A terceira acepção de controle interno, por sua vez, é deveras problemática no contexto da NLLC. Isto porque a Lei não menciona, em nenhum momento, a unidade de auditoria interna. Acaba por fazê-lo de forma indireta quando, no art. 169, III, ao descrever aqueles que compõem a terceira linha de defesa, cita o órgão central de controle interno. Aqui retornamos à previsão constitucional de um Sistema de Controle Interno, citada inicialmente. De acordo com o texto da CF/1988, cada Poder deverá ter o seu. A realidade, no entanto, apresenta um quadro distinto no qual apenas o Poder Executivo possui órgão central, quais sejam as Controladorias-Gerais da União, do Distrito Federal, dos Estados e dos Municípios. Todavia, Legislativo e Judiciário não se identificam no texto legal por não gozarem de tal estrutura, tendo a necessidade de buscar o modelo original das Três Linhas (de autoria do Instituto dos Auditores Internos Global – The IIA) e normas setoriais (como, por exemplo, as Resoluções CNJ n. 308 e 309) para orientar o papel de avaliação independente e objetiva da gestão, atribuição típica de terceira linha conforme a melhor doutrina.

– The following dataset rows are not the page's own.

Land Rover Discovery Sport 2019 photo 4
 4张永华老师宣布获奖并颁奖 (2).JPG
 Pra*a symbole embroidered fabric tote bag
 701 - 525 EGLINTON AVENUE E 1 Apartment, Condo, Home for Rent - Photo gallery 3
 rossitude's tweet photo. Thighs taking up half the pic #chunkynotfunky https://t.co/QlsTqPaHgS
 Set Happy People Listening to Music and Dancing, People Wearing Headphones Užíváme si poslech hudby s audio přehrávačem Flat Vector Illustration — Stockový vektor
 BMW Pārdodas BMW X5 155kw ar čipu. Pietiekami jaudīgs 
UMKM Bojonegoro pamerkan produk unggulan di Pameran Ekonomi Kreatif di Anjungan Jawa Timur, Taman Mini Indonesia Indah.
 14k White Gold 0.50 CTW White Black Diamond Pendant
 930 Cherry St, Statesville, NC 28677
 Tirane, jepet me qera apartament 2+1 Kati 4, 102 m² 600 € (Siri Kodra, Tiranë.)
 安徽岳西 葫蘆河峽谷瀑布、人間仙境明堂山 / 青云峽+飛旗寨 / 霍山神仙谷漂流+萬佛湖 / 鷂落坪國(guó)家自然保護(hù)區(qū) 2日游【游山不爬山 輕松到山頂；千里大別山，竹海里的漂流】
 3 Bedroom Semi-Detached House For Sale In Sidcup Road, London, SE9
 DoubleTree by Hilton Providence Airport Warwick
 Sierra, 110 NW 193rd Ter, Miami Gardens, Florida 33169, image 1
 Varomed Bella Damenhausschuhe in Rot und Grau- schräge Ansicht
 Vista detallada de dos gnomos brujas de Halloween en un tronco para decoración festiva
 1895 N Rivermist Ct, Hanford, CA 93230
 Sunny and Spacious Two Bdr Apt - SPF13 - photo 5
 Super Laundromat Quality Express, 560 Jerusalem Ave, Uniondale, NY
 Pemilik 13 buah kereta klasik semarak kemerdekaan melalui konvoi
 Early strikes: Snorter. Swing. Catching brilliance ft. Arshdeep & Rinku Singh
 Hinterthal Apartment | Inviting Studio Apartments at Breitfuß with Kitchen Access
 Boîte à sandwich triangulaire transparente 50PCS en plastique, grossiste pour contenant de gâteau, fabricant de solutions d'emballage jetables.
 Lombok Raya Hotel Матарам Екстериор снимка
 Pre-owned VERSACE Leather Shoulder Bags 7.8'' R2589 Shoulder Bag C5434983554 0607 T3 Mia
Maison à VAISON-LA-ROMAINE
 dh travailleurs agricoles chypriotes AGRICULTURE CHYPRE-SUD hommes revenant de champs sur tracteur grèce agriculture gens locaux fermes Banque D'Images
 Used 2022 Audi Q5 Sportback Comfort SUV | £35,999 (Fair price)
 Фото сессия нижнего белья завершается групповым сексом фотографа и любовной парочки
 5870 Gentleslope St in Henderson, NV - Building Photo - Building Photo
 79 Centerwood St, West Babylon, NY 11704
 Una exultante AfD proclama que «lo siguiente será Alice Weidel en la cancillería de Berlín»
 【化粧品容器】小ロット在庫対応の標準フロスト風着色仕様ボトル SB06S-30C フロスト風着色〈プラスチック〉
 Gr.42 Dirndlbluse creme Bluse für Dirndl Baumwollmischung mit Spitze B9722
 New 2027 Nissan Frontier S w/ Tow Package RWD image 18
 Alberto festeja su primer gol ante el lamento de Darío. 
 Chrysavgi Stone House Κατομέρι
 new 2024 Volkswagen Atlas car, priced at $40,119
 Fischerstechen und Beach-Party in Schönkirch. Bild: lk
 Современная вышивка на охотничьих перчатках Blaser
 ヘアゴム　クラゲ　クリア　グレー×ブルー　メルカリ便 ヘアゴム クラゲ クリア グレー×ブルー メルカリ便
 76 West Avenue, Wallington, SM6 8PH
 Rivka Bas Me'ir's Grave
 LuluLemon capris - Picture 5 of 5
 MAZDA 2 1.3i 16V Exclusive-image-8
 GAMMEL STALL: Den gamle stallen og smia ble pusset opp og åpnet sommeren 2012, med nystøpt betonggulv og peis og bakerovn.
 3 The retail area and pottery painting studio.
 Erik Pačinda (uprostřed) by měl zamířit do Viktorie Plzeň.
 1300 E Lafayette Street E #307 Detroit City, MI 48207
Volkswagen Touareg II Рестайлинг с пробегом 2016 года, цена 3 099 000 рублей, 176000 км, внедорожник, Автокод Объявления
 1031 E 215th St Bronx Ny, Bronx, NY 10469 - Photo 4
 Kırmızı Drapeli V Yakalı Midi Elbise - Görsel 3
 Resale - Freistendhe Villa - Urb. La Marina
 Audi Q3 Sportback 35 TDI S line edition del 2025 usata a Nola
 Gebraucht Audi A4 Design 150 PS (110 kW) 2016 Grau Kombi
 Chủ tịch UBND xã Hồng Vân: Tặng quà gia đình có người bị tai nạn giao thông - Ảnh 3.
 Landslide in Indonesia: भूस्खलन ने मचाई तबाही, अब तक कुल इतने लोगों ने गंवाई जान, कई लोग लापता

Uma vez estabelecida a problemática, cabe-nos buscar uma solução. E, longe de querer esgotar a questão, sugere-se um caminho.
Para os órgãos do Executivo Federal, Distrital e Estadual, por sua ampla estrutura, cabe obedecer à lei como posta, visto encontrarem respaldo na literalidade da norma. Ao Executivo Municipal, por sua vez, não será tarefa simples, uma vez que, em grande parte dos municípios brasileiros, não há recursos humanos para segregar as atividades de segunda linha – conformidade e assessoramento à gestão – daquelas de terceira linha – avaliação independente e objetiva da gestão. E aqui presume-se a compreensão de que as atividades de auditado e auditor não podem ser exercidos pela mesma pessoa, ou seja: quem faz parte do processo de trabalho, participando em assessoramento e apoio, não terá objetividade para avaliá-lo de forma independente e objetiva. Portanto, sempre que possível, caberá o estabelecimento de estruturas que permitam aos agentes públicos funcionar sem o acúmulo das atividades de segunda e terceira linhas. Ao Legislativo e ao Judiciário, um caminho que já tem sido trilhado por alguns órgão e entidades: a perpetuação e o fortalecimento das unidades de auditoria interna e a criação de uma estrutura de controle interno que funcione em assessoramento e apoio aos gestores em resposta ao art. 8º, § 3º.
O caminho proposto pela Nova Lei de Licitações e Contratos não é fácil, entretanto inevitável. Por isso, repito: prezado gestor, precisamos conversar sobre o Controle Interno.